The qualities that make cryptocurrencies attractive—decentralisation and anonymity—make them great for theft, ransom and selling drugs
FILE — The J. Edgar Hoover building, the FBI’s headquarters in Washington, May 14, 2021. The FBI scored two major victories, recovering a Bitcoin ransom and tricking criminals into using an encryption app it controlled. But neither has fundamentally altered the challenges for the authorities in an increasingly digital world, experts say. (Stefani Reynolds/The New York Times).
Whether it was gangsters a century ago speeding off in faster getaway cars or terrorists and hackers in recent decades who shielded their communications through encrypted apps, criminals have perennially exploited technology to stay a step ahead of law enforcement.
The FBI struck back in the past week with a pair of victories: a seizure of most of the $4 million ransom in Bitcoin that Russian hackers extorted from a U.S. pipeline operator and the announcement of a yearslong sting where thousands of suspects were duped into using a messaging app secretly controlled by authorities. More than 800 people were arrested in more than a dozen countries.
The breakthroughs came in part because law enforcement officials learned how to
leverage two rapidly advancing technologies — encryption and cryptocurrencies — that had previously been a boon for criminals.

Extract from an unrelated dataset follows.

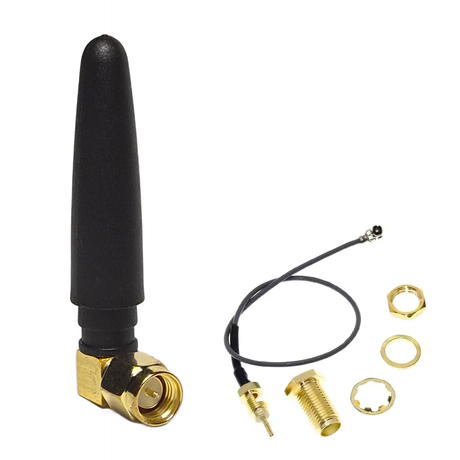 700-2700MHz 5dBi 4G LTE SMA Male Antenna with U.FL (IPEX) Adapter Cable - Angled Compact 5cm
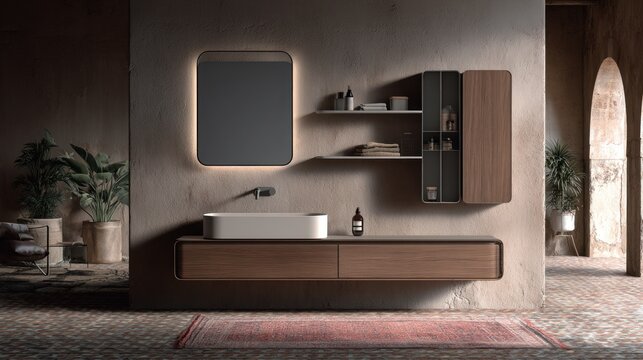 Modern bathroom interior with floating vanity mirror and storage cabinet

Yet the events did little to fundamentally alter the challenges for authorities in an increasingly digital world, according to former law enforcement officials, prosecutors, historians and technology experts. The global sting is highly unlikely to keep criminals from using encryption and could encourage them to go even further underground, experts said. And while the FBI has shown that it can recover stolen cryptocurrencies, doing so requires resources beyond the reach of most law enforcement agencies.